An upper-interval covers the upper x% of the probability mass and can be defined as an interval from $(y, \infty)$, where $y$ acts as a lower-bound. A visual is shown below for an upper 90% confidence interval.
#make some points for plot
N = 5
x = np.linspace(-5,5, 1000)
T = ss.t.ppf(0.10, df=N-1)
y = ss.t.pdf(x, df=N-1)
plt.plot(x,y)
plt.fill_between(x, y, where= x > T)
plt.text(0,np.max(y) / 3, 'Area=0.90', fontdict={'size':14}, horizontalalignment='center')
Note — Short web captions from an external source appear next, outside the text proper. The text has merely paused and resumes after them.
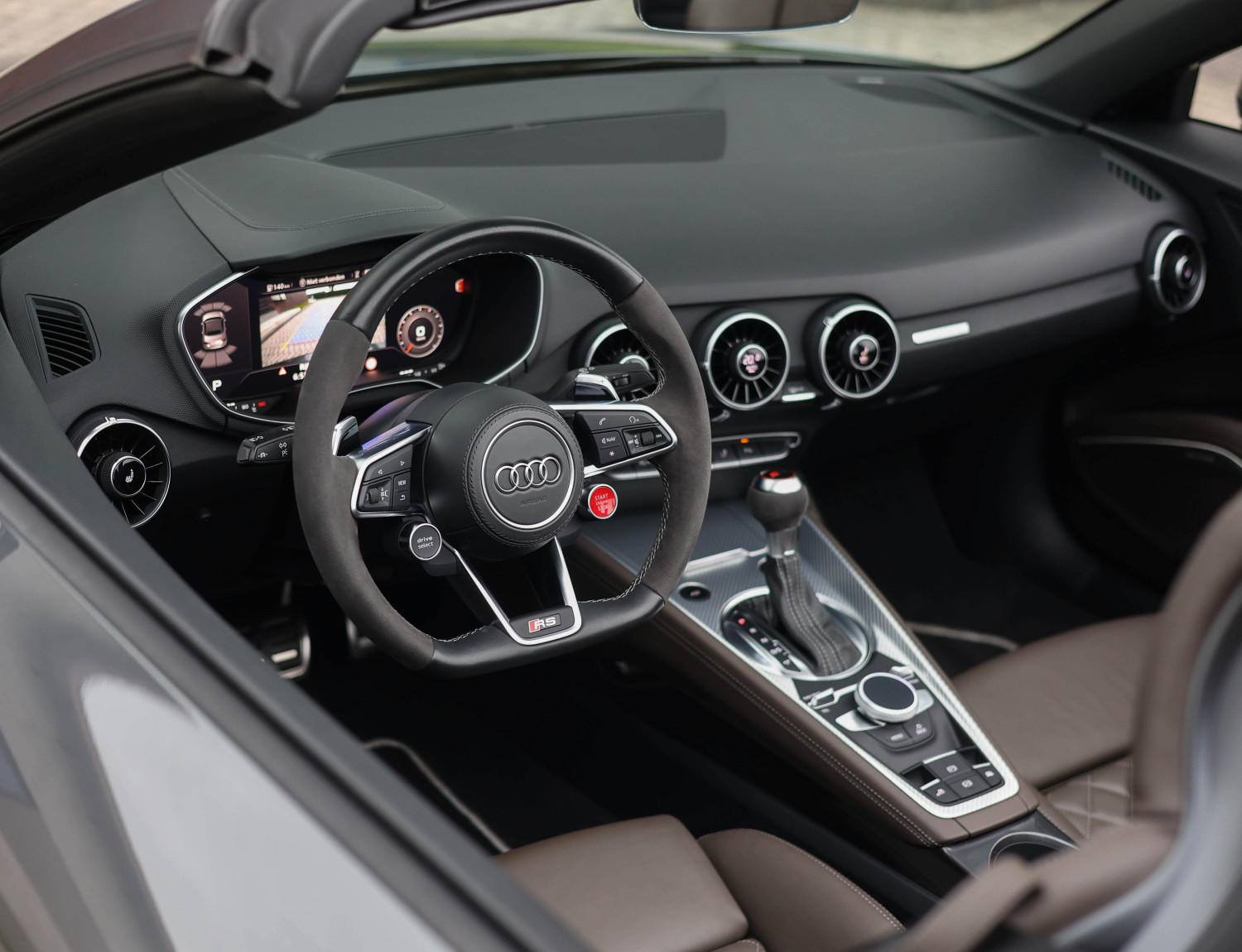 Audi TTRS Roadster 2.5 TFSI Quattro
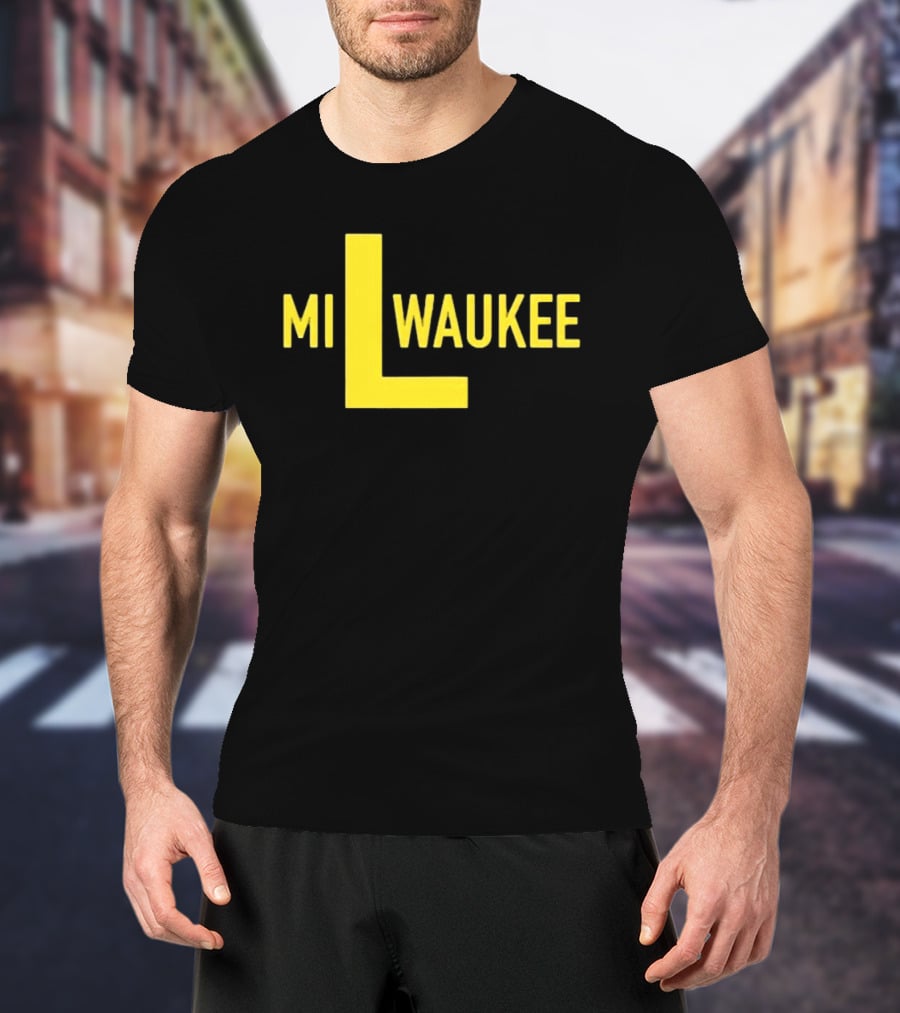 Milwaukee Brewers Baseball MLB MiLwaukee T-Shirt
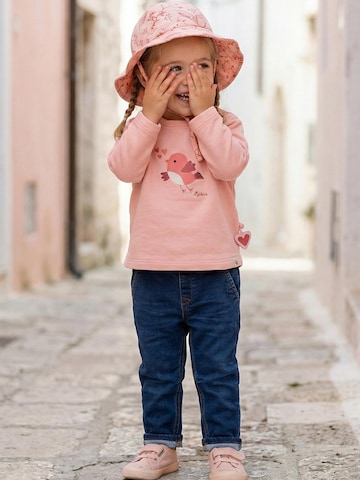 SIGIKID Pullover 'Sweatshirt Pink Birds'‌‌‌ in Pink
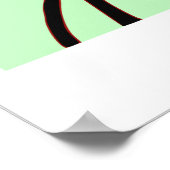 neda_zazzle_A1 ポスター (角)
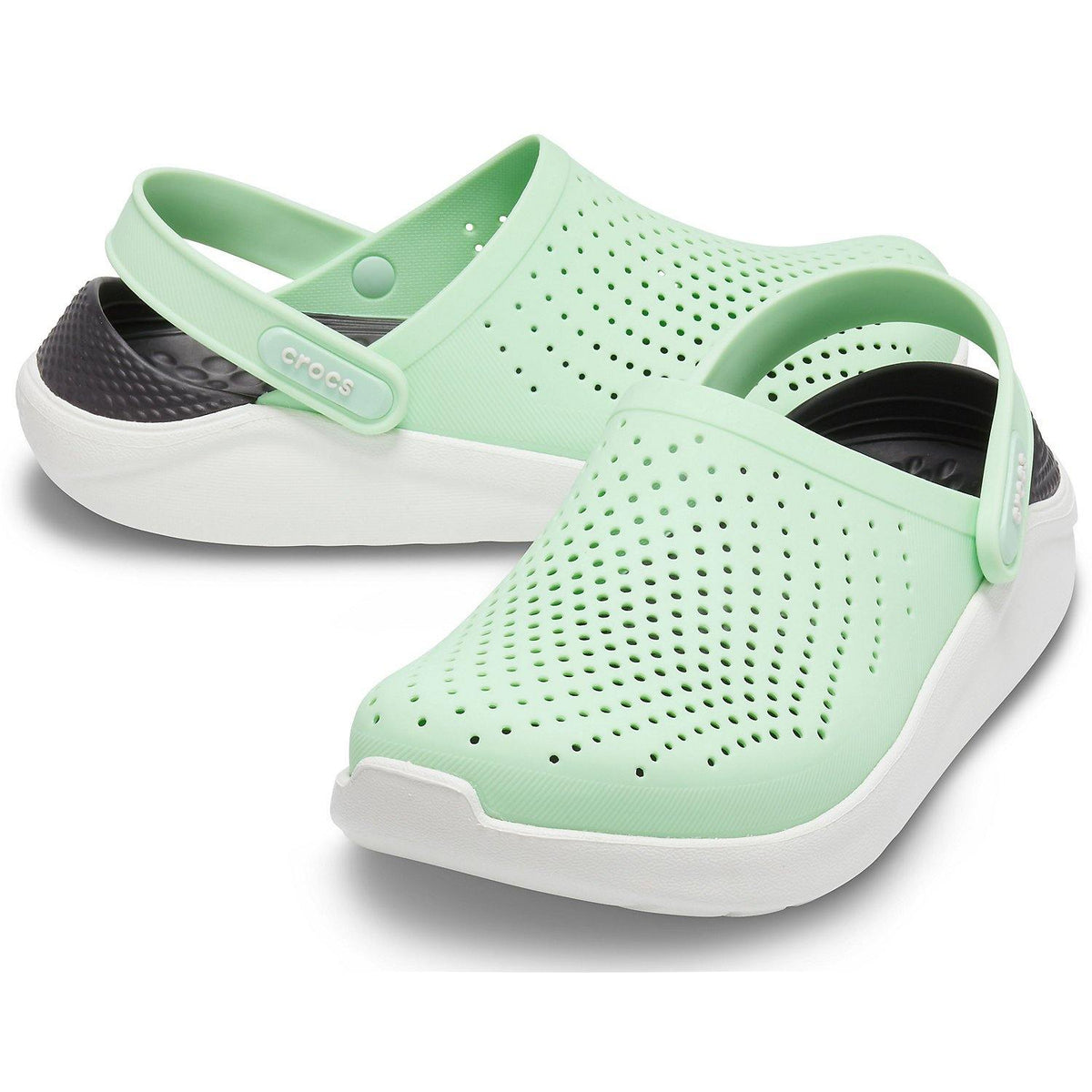 Crocs LiteRide Clog - Neo Mint/ Almost White - mTravel Store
plt.axvline(T, linestyle='--', color='orange')
plt.xticks([T], ['lower-bound'])
plt.yticks([])
plt.ylabel(r'$p(\mu - \bar{x})$')
plt.xlabel(r'$\mu - \bar{x}$')
plt.show()
A lower interval covers the lower x% of probability mass. It is defined with an upper bound like so: $(-\infty, y)$. An example is below:
#make some points for plot
N = 5
x = np.linspace(-5,5, 1000)
T = ss.t.ppf(0.90, df=N-1)
y = ss.t.pdf(x, df=N-1)
plt.plot(x,y)
plt.fill_between(x, y, where= x < T)
plt.text(0,np.max(y) / 3, 'Area=0.90', fontdict={'size':14}, horizontalalignment='center')
plt.axvline(T, linestyle='--', color='orange')
plt.xticks([T], ['upper-bound'])
plt.yticks([])
plt.ylabel(r'$p(\mu - \bar{x})$')
plt.xlabel(r'$\mu - \bar{x}$')
plt.show()